Page last updated at 00:03 GMT, Wednesday, 14 January 2009

Tax payment deadline looms

Money Talk
By Chas Roy-Chowdhury
Association of Chartered Certified Accountants (ACCA)

Chas Row-Chowdhury
Chas Roy-Chowdhury, Association of Chartered Certified Accountants

Don't leave everything to the last minute.

We all say this every April at the start of the new tax year and try to plan for the coming year.

But come January some of us have still not filed our returns.

In a significant change, the filing date of the paper tax returns was brought forward to 31 October 2008.

That applied to income tax (SA100), partnerships (SA800) and trusts (SA900).

The filing date for the electronic returns, fortunately, has not been changed and remains at 31 January 2009.

Electronic filing

Let's rewind a few steps here.

As well as filing your return, you are also obliged to pay the tax you many owe

The important point which needs to be re-emphasised is that the 31 January deadline, which is a full three months after the paper filing deadline, is categorically for electronic filing only.

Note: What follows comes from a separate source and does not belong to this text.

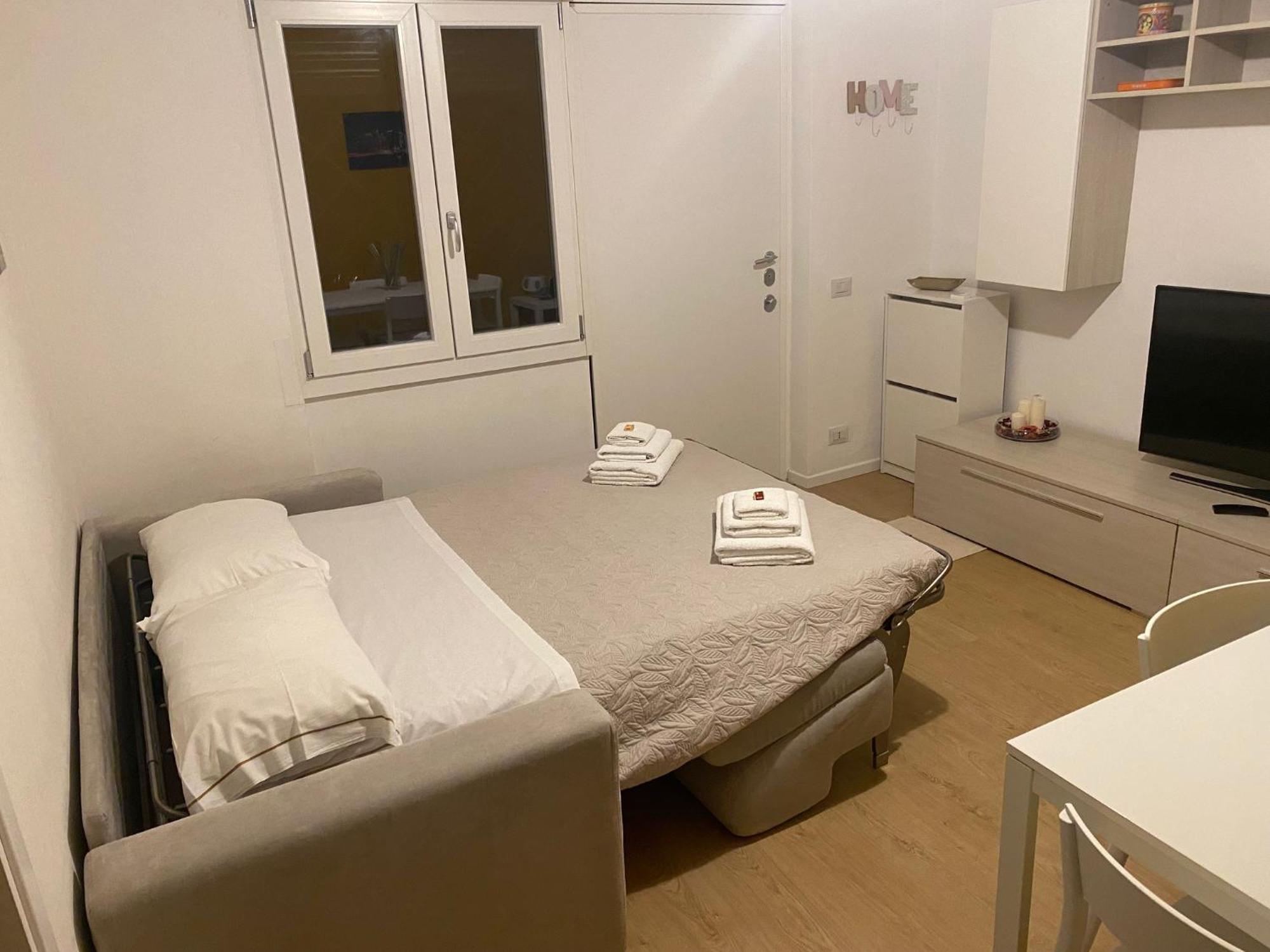Appartamento In Villa Parabiago Bagian luar foto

But if you have not filed electronically before then you will need a pin code, for which you will need to apply online.

Go through the HM Revenue & Customs (HMRC) website to the self-assessment section to request a pin.

I specifically emphasise this because HMRC will then send the pin to you by post.

Therefore it takes around a week before you will receive it.

Note that there is a slightly different route to follow where you already use another internet based HMRC service, such as child benefits or tax credits.

The e-tax return

Once you receive your pin and have registered, the rest of the process is very similar to completing a paper tax return.

HMRC website
11% of self-assessment taxpayers missed last January's online deadline

Therefore you need to have all your usual details ready, such as

• employment income details ready, as shown on your P60 form

• details of your bank and building society interest

• any self-employment income, and receipts relating to expenses you can deduct from this.

As well as filing your return, you are also obliged to pay the tax you may owe.

If the electronic return had been submitted to HMRC by 30 December 2008, then so long as the amount of tax due was less than 2,000, your tax code would have been adjusted for 2009/10 and the amount conveniently deducted from you salary for that year.

But as that opportunity has passed, even if your tax is below 2,000, you will need to pay any money owing by 31 January 2009.

The two main concerns for consumers are therefore avoiding a penalty for late filing of the tax return and avoiding a penalty for the late payment of the tax itself.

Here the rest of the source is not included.